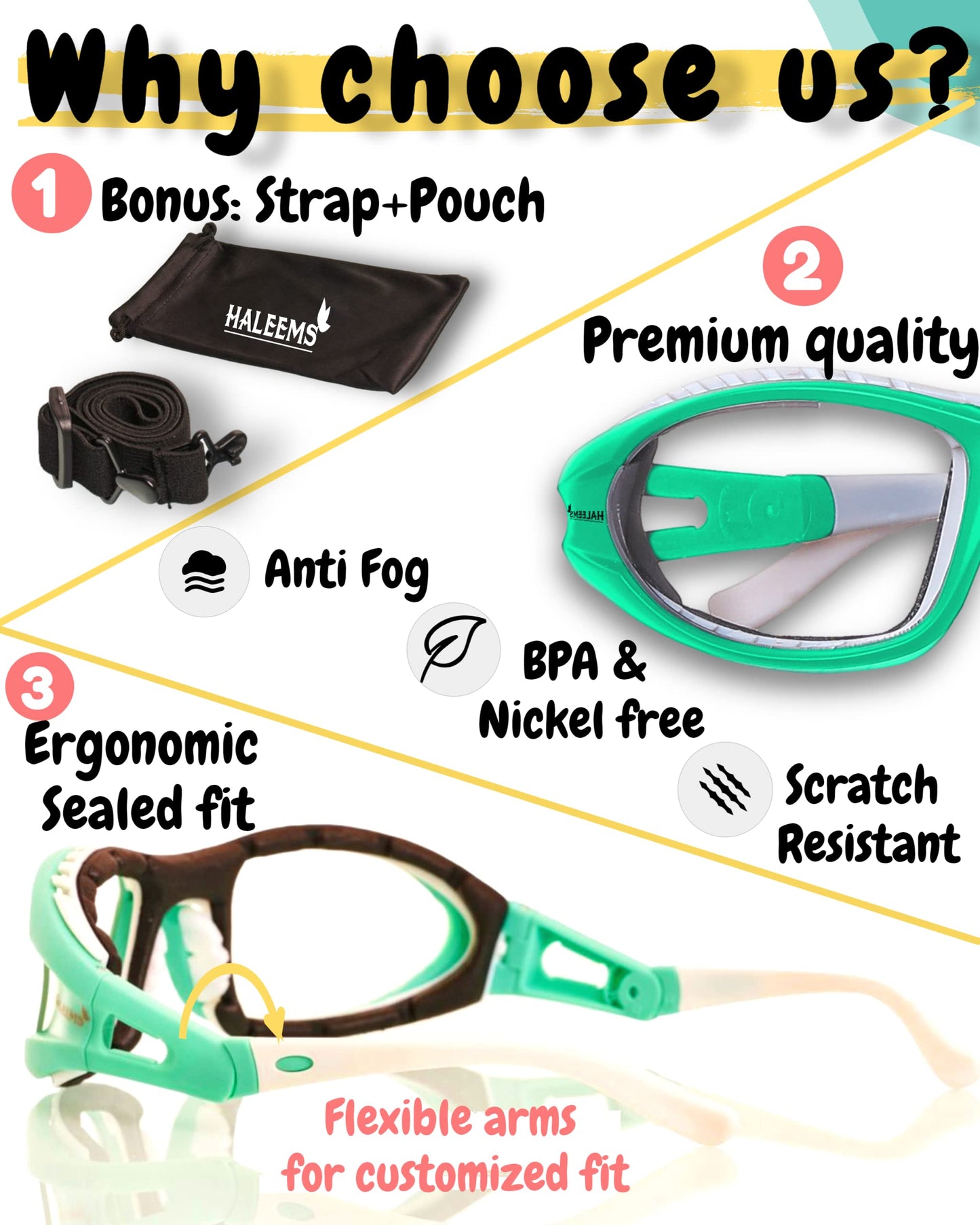 HALEEMS Onion Goggles for Women Cooking - Onion Glasses for Chopping, Anti Fog Anti Scratch Cooking Goggles, One Size Onion Cutting Goggles Fit Men & Women Eye (Green)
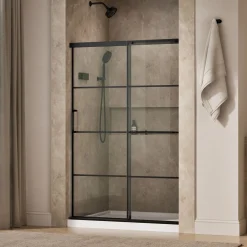 44-1/4"-47-5/8" W x 70-1/2" H sliding shower door with 1/4"-thick Crystal Clear glass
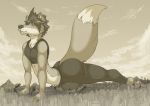  anthro big_bulge big_butt building bulge butt canid canine canis city city_crushing clothing destruction eyes_closed fluffy fluffy_tail macro male mammal micro midriff mkvero monochrome outside pawpads paws solo thick_thighs topwear upward_dog vero_(mkvero) wolf yoga yoga_pants 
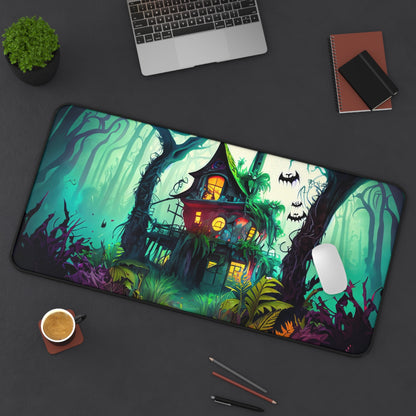 Retro Halloween Desk Mat Haunted House Office Desk Accessory Whimsigoth Large Mouse Pad Spooky Bats Desk Pad XL Neon Forest Gaming Mousepad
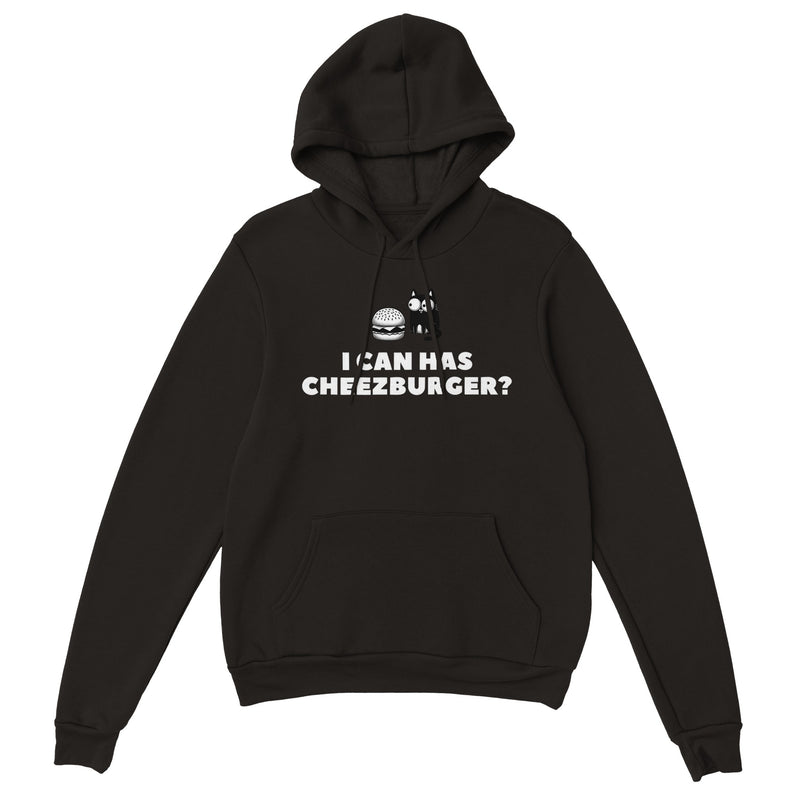 Sudadera con Capucha Unisex Estampado de Gato "Cheezburger Miau" Michilandia | La tienda online de los fans de gatos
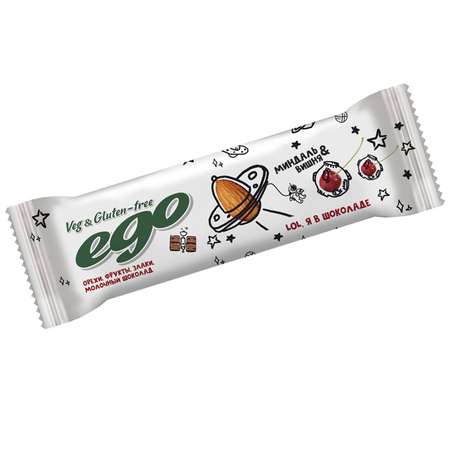 Батончик ореховый Ego вишня и миндаль в молочном шоколаде 35г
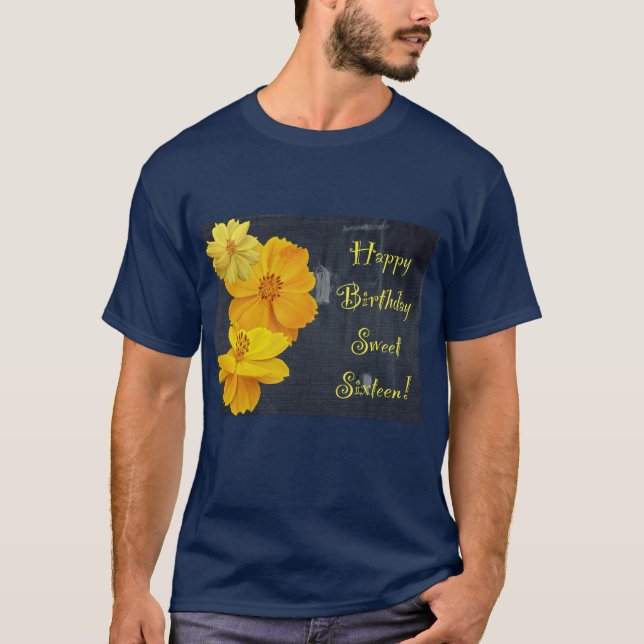 Camiseta Cosmos Floral Cumpleaños Dulce Dieciséis (Anverso)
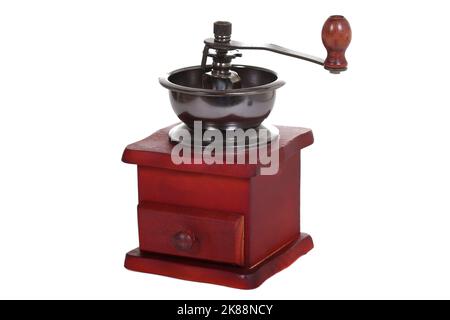 Manual coffee grinder isolated over white background Stock Photo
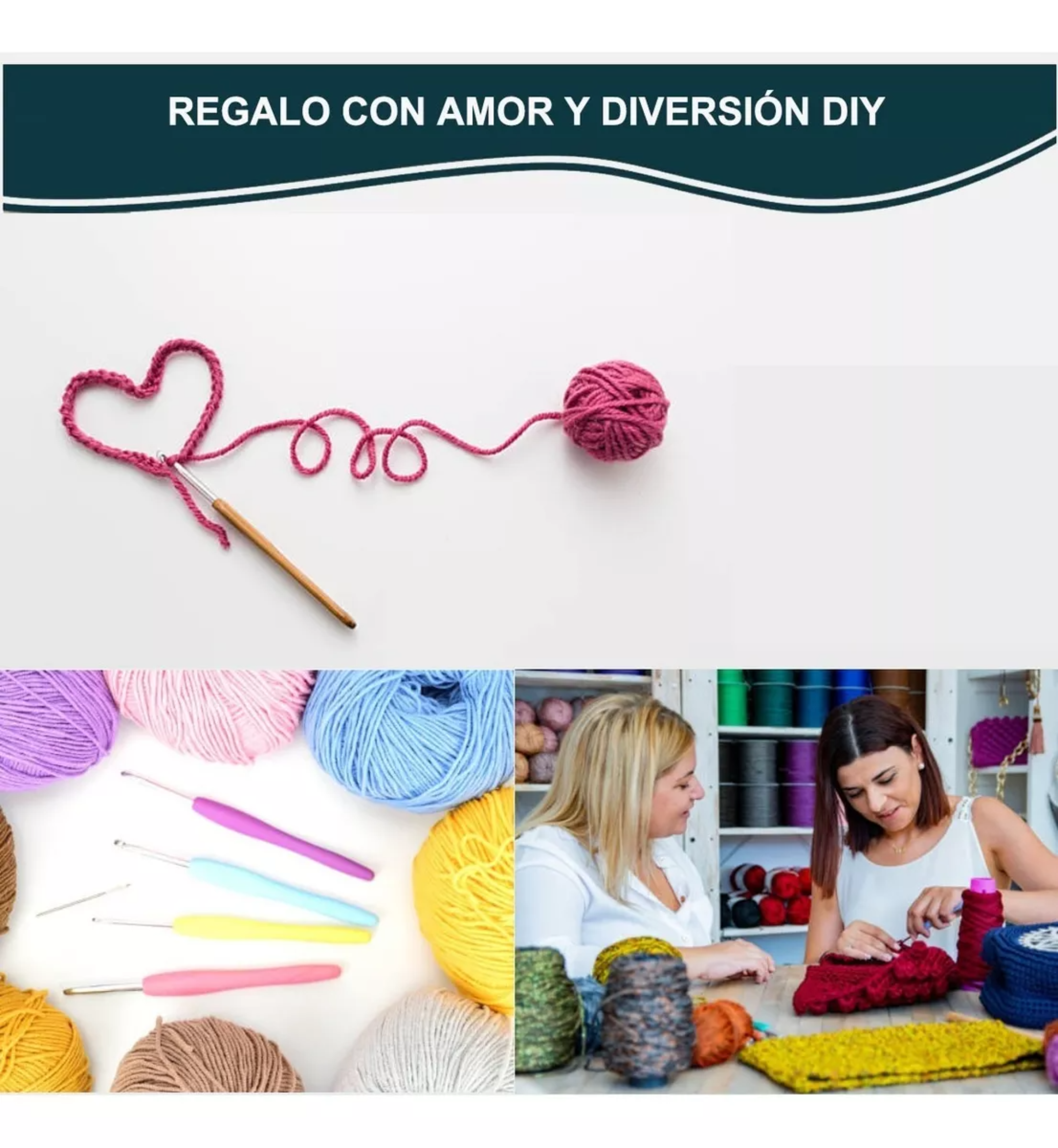 Kit De Ganchos Ergonómicos Y Accesorios Para Tejer A Crochet.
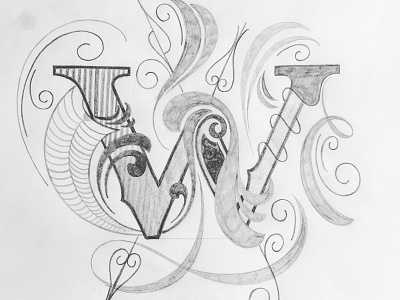 Lettering W flourishes lettering sketch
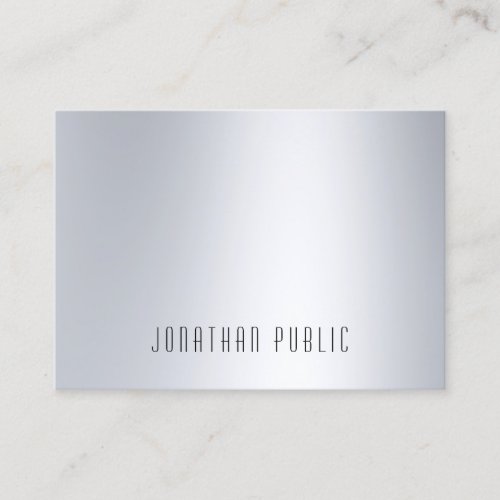 Silver Look Modern Elegant Minimalist Template Top Business Card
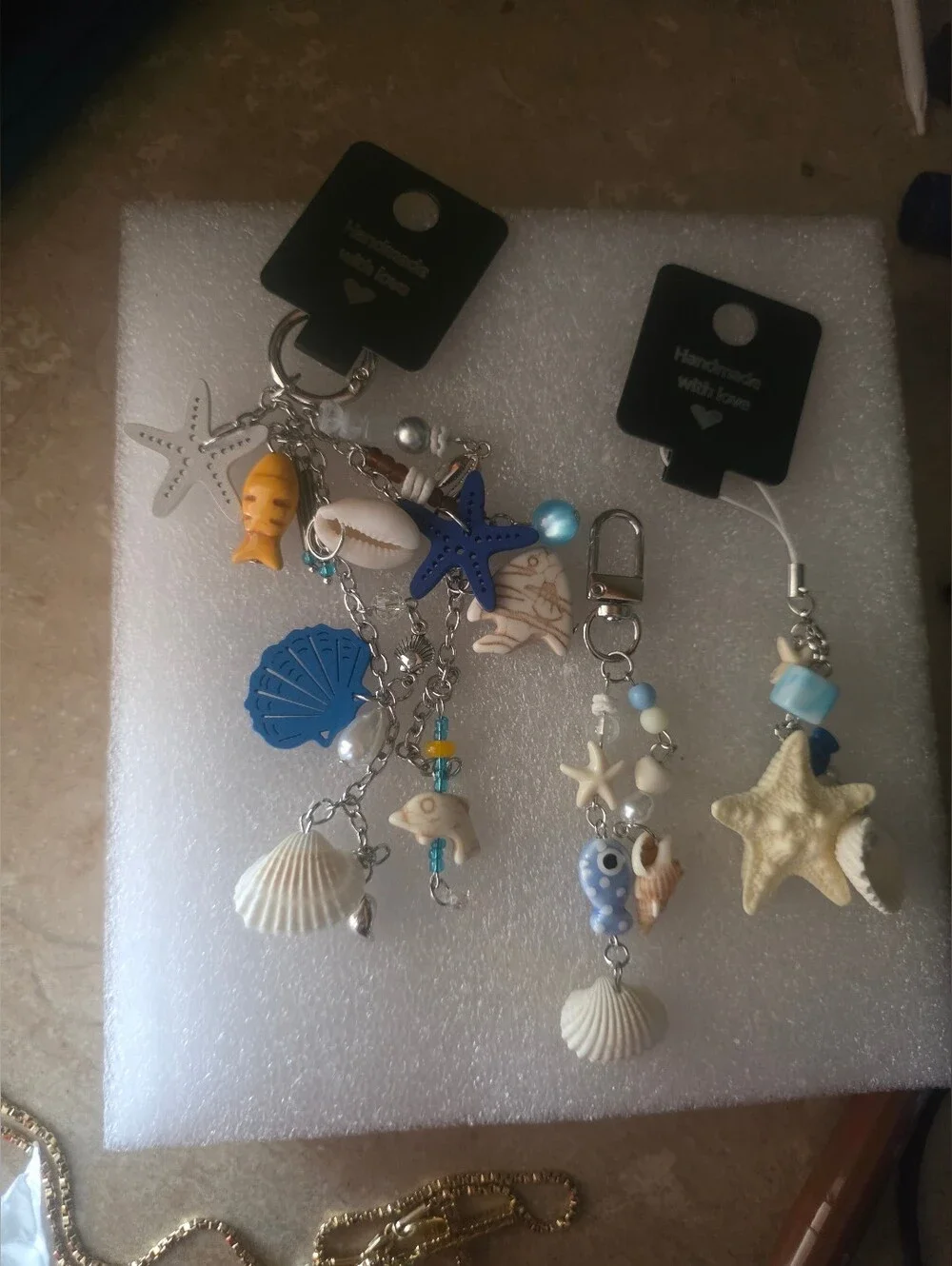 Handmade 3 Piece Set .Matching Key, Bag And Phone Charm.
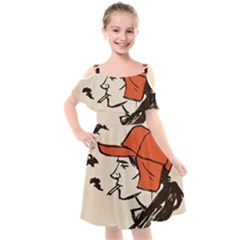 Catcher In The Rye Kids  Cut Out Shoulders Chiffon Dress by artworkshop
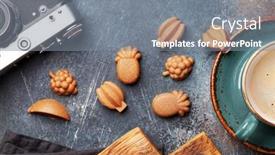  Presentation with vegetarian - Colorful PPT theme enhanced with homemade-healthy-vegetarian-sweets backdrop and a gray colored foreground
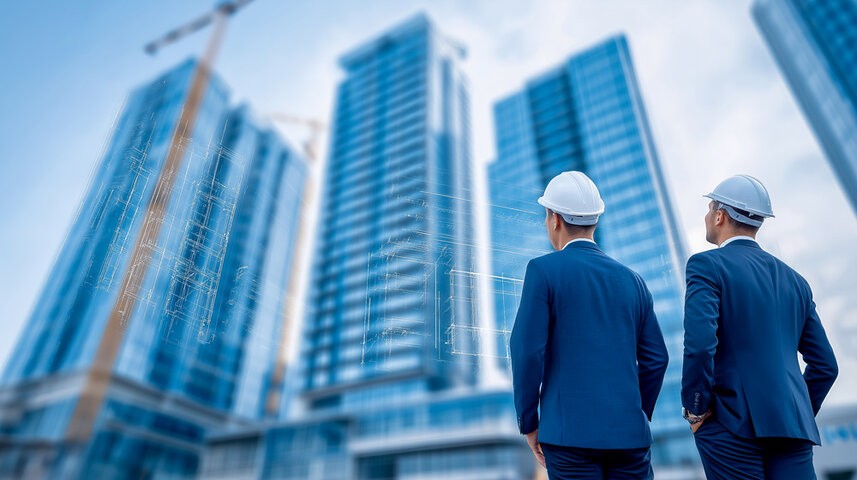 Professional engineers or site surveyors wearing a protective construction helmet looking at an ongoing building structure 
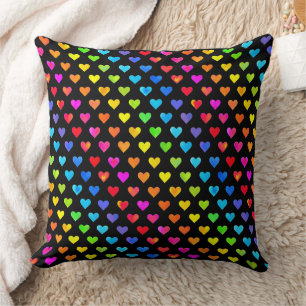 Coussin Coeurs arc-en-ciel colorés Motif de bande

========

*WORK TO BE COMPLETED*:
The output consists of exactly the lines from the one containing "Presentation with vegetarian" through the last line of the listing, both included, with no pictures.

*EXPECTED ANSWER*:
  Presentation with vegetarian - Colorful PPT theme enhanced with homemade-healthy-vegetarian-sweets backdrop and a gray colored foreground
 Professional engineers or site surveyors wearing a protective construction helmet looking at an ongoing building structure 
 Coussin Coeurs arc-en-ciel colorés Motif de bande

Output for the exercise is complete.